At risk of being misunderstood

We are all at risk of being misunderstood.  Even two people, who have lived together for decades can find themselves at odds.  She, perhaps because she needs two comforting arms around her just when he turns his back and goes away to be by himself; he, because he was only giving her some space that she was so obviously crying out for…And when he is upset, he likes to be alone.  Misunderstandings can so easily proliferate, like pins and needles after sitting too long with our legs tucked under us.

It is trite to say that we write memoir because we feel misunderstood.  And I have said that I wrote Trapped because I felt misunderstood.  But in fact, I simply didn’t understand anything.  That despair, nestled at the root of utter incomprehension, turned me initially guarded, then defensive, then prickly, then isolated.

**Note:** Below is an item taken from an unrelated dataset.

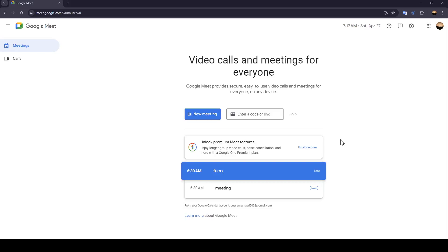Hello everyone and welcome back to a new video. In this video I'm going to show you how you can make a co-host on Google Meet. If you want to learn how to do it, just follow the steps that I'm going to show you.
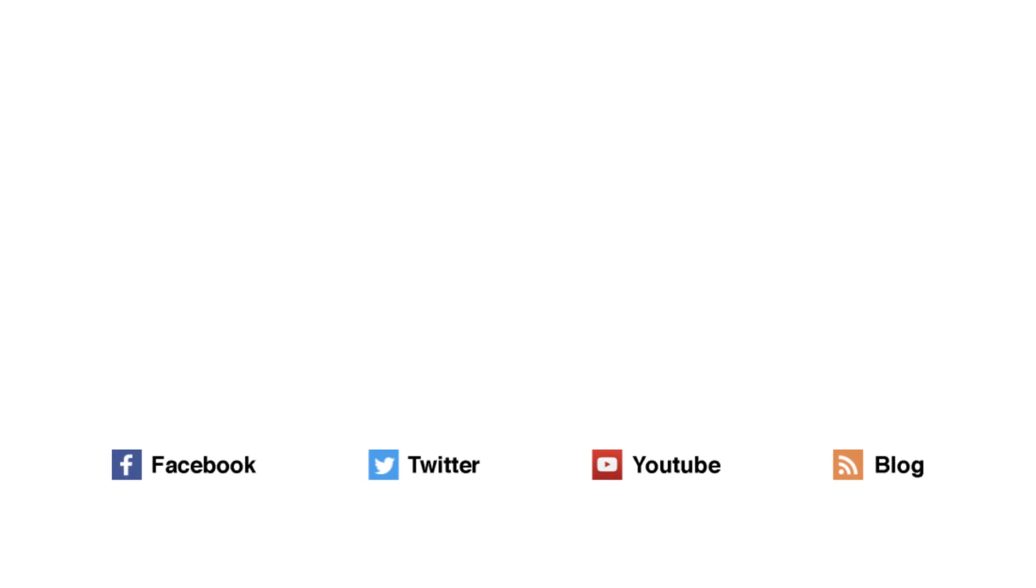For more helpful tips, go to freeconferencecall.com/support. Or, follow us on social media.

In retrospect, and having had the courage to spell out as much as I could for myself and the reader, I feel that much misunderstanding and sorrow might have been avoided, or shed more easily, if there had been more people around who were unafraid to grasp me in their arms, speak to me as I needed to be spoken to, firmly and kindly, in order to break through the self-imposed isolation that becomes one consequence of being misread.

I find I am still grieving for the obvious reason that life was awful, and for the less obvious reason that I have wasted so many years being unhappy.  There is another, more insidious pain of knowing that my perceptions – like those of others! – were often greatly mistaken, and that if I had been less fearful and stood my ground, no-one would have minded terribly.

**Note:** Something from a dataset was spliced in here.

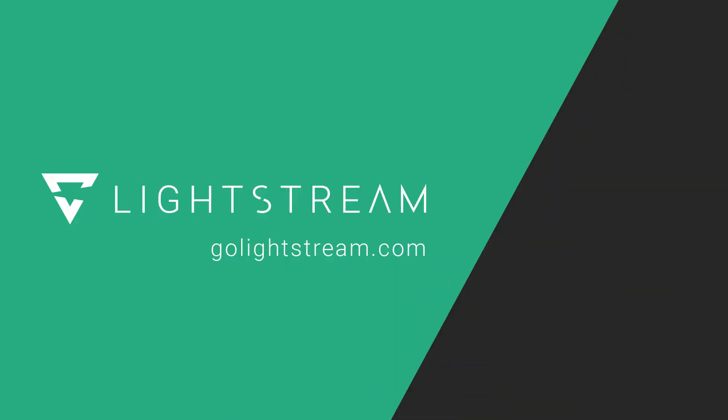For more tutorials on how to make the most out of Lightstream Studio, visit the Knowledge Base at GoLightstream.com.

Sure, the world is full of insensitive oafs, and cruel people who are casually unjust, and it is our focus on such people that turns us inward.  But as I have since learned and continue to discover, the world is also brimming with delightfully kind, forgiving and thoughtful people.

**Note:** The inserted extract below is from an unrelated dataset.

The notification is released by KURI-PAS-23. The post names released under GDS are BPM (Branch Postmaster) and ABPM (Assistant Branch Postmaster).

I have missed so many opportunities for joy, and for love, fun, humour and sheer delight.  Meeting wonderful people, knowing they can see past my social awkwardness, my stumblingly stupid statements, to the smile that hopes it will be accepted, is so liberating.  I am sorry for all the wasted opportunities to show kindness and caring.  Life is full of inexplicable contradictions, isn’t it?

Without having gone out of my way to excavate my experiences by writing them, none of this would be clear.  Muddy confusion would all be sitting still, at the bottom of a dark glass, festering muddily.